Nell’ambito di un regolamento negoziale afferente ad un’operazione di investimento e finanziamento dell’attività di una s.r.l., la presenza di “patti aggiunti” coevi all’atto notarile di cessione delle quote sociali può stabilire che il prezzo della cessione dell’intero capitale sociale sia comprensivo dei debiti della società verso gli istituti bancari, da estinguere mediante accollo del debito, e con versamento ai soci cedenti della sola eventuale differenza risultante all’esito del pagamento dei debiti sociali. Nel caso, la richiesta di pagamento di una delle rate del prezzo di cessione delle quote sociali si inserisce nell’ambito di un’operazione complessa, più articolata di una mera compravendita di quote sociali, essenzialmente finalizzata, attraverso la dismissione di partecipazioni sociali, alla liberazione della società dai debiti e contestualmente alla liberazione dei suoi soci garanti e fondata sul pilastro della prioritaria destinazione del prezzo – pattuito per la cessione – all’estinzione dei debiti sociali, nonché basata sulla natura essenzialmente residuale del diritto dei soci al versamento in loro favore del prezzo della cessione.

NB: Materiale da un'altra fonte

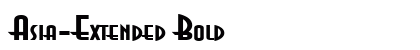 Asia-Extended Bold Preview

In caso di revoca con contestuale sostituzione dell’organo amministrativo, la nomina del nuovo amministratore è immediatamente efficace, mentre l’iscrizione nel Registro delle Imprese rileva ai soli fini dell’opponibilità ai terzi; l’art. 120bis, co. 4, CCII non deroga a tale regola, limitandosi a precisare la retroattività degli effetti dell’eventuale rigetto della domanda di omologa.
Nel procedimento ex art. 120bis, co. 4, CCII, promosso dal nuovo amministratore per la ratifica della delibera assembleare di revoca per giusta causa del precedente, non ricorre un conflitto immanente tale da imporre la nomina del curatore speciale ex art. 78 c.p.c.; la società può quindi stare in giudizio in persona dell’amministratore di nuova nomina.
Ai fini dell’art. 120bis, co. 4, CCII, la “giusta causa” di revoca si ricava dall’art. 2259 c.c. e comprende qualsiasi condotta dell’amministratore che, violando i doveri di diligenza e correttezza, mini il pactum fiduciae ed elida l’affidamento riposto dai soci al momento della nomina, ovvero ostacoli – anche solo rendendolo meno agevole – il perseguimento dell’oggetto sociale; tale nozione è distinta tanto dal mero inadempimento quanto dalle “gravi irregolarità” di cui all’art. 2409 c.c.
La decisione di accedere a una procedura di regolazione della crisi e dell’insolvenza ai sensi dell’art. 120bis CCII spetta esclusivamente all’organo amministrativo e, per espressa previsione di legge, non costituisce di per sé giusta causa di revoca; restano tuttavia fermi i doveri degli amministratori, ai sensi dell’art. 120bis, co. 3, CCII di informare i soci dell’avvenuta decisione e di riferire periodicamente sul relativo andamento.